Personal information
- Full name: Jasper William Davies
- Born: 3 October 1992 (age 33) Northampton, Northamptonshire, England
- Batting: Right-handed
- Role: Wicket-keeper

Domestic team information
- 2014: Oxford MCCU
- 2014: Oxfordshire

Career statistics
| Competition | First-class |
| Matches | 1 |
| Runs scored | 5 |
| Batting average | 5.00 |
| 100s/50s | –/– |
| Top score | 5 |
| Catches/stumpings | 1/– |
- Source: Cricinfo, 23 February 2019

= Jasper Davies =

English cricketer (born 1992)

Jasper William Davies (born 3 October 1992) is an English former first-class cricketer.
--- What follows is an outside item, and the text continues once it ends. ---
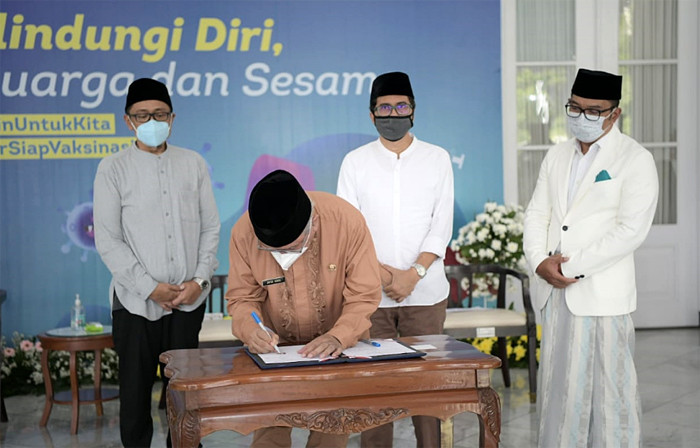 Penandatangan nota kesepakatan terkait pengembangan ekosistem peternakan melalui inovasi dan pemanfaatan teknologi informasi di Bandung, Kamis (22/4/2021).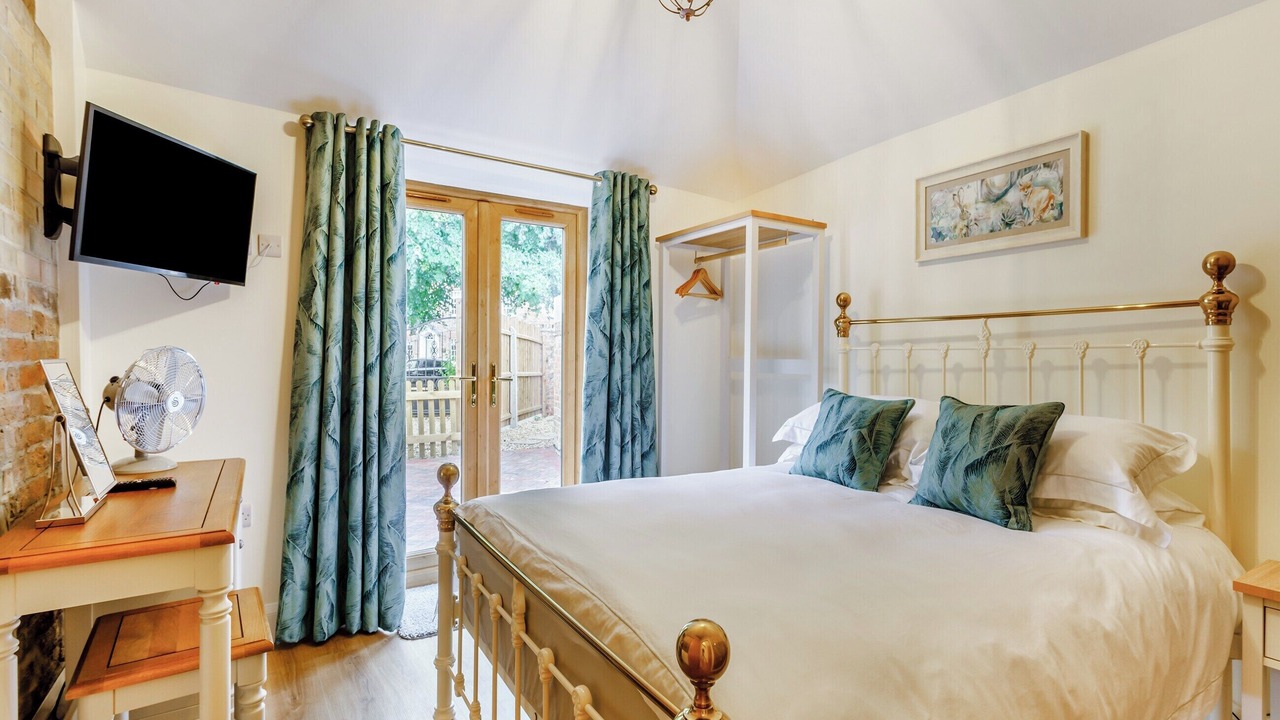 Photo of Others in Tilney Fen End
== Education and career ==
Davies was born at Northampton where he was educated at Northampton School for Boys, before going up to Oxford Brookes University. While at Oxford Brookes he made a single appearance in first-class cricket for Oxford MCCU against Warwickshire at Oxford in 2014. Playing as a wicket-keeper, Davies batted once during the match, scoring 5 runs in the Oxford MCCU first-innings, before being dismissed by Jonathan Trott. He played minor counties cricket for Oxfordshire in that same season, making an appearance each in the Minor Counties Championship and MCCA Knockout Trophy.